これほど戦略的に重要な製品が、なぜ「一時停止」されているのか。そこにはIntelが抱える複雑なジレンマが見え隠れする。

第一に、技術的・経済的なハードルだ。これほど巨大なCPUとGPUを1つのチップに収めるには、巨大なダイサイズ(半導体の面積)が必要となり、製造コストは跳ね上がる。また、その性能をフルに発揮させるための消費電力と、発生する熱をどう処理するかという熱設計も極めて困難な課題となる。Intelのロードマップ再編の中で、より現実的で収益性の高いプロジェクトにリソースを集中させるという判断が下された可能性は高い。

第二に、市場投入のタイミングというジレンマだ。仮に開発が再開され、2026年から2027年にかけて市場に投入されたとしても、その頃には競合はさらに先を行っているかもしれない。AMDはStrix Haloの次世代品「Medusa Halo」を開発中と噂されており、NVIDIAのSoCも成熟度を増しているだろう。あまりに登場が遅れれば、「遅すぎた対抗馬」として競争力を失うリスクがある。

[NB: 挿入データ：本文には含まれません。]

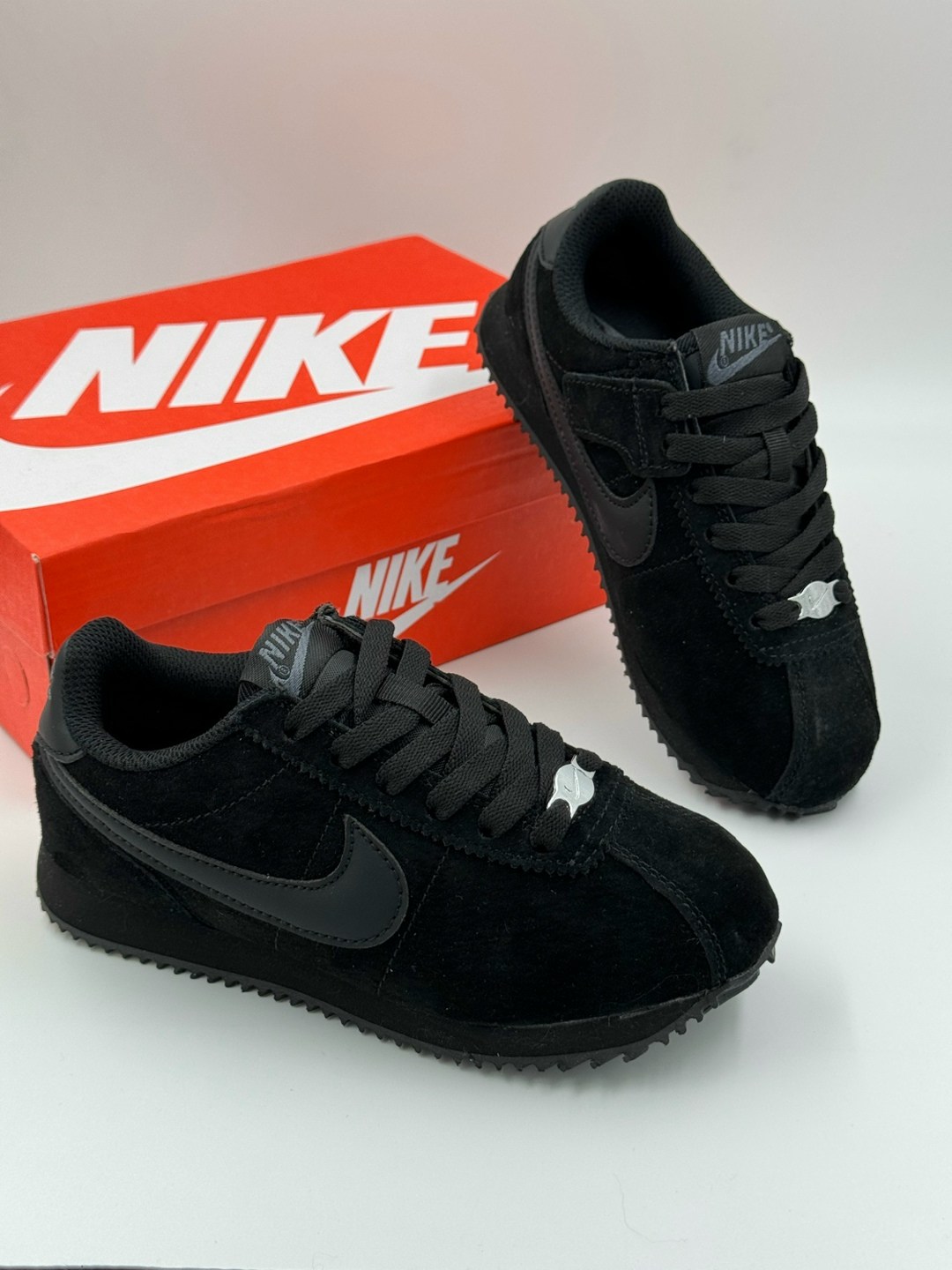 кроссовки nike classic cortez leather,кроссовки cortez коричневые nike,кроссовки эко кожа,кроссовки эко,кроссовки nike cortez женские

しかし、計画が「復活」する可能性もゼロではない。Strix Haloが市場で成功を収め、メーカーやユーザーからIntel製高性能APUへの強い要望が高まれば、Intelが計画を再評価する可能性は残されている。Nova Lake-AXの設計図が存在するという事実そのものが、Intelにとって強力なカードとなりうるからだ。

Intelのジレンマと次の一手

Intelの「Nova Lake-AX」は、たとえこのまま幻に終わったとしても、今後のPC市場の行方を占う上で極めて重要な意味を持つ。それは、PCの価値が、もはやCPUのクロック周波数やコア数だけでは決まらず、GPUやAIエンジンを含めた「SoC全体の統合力」によって定義される時代が到来したことを明確に示しているからだ。

Nova Lake-AXの計画は、Intelがこの市場の変化を正確に認識し、技術的には競合を凌駕しうる製品を設計できる能力を持つことの証明でもある。一方で、その計画の不確実性は、リソース配分、市場投入のタイミング、コストと性能のバランスといった、Intelが直面する根深い戦略的ジレンマを浮き彫りにした。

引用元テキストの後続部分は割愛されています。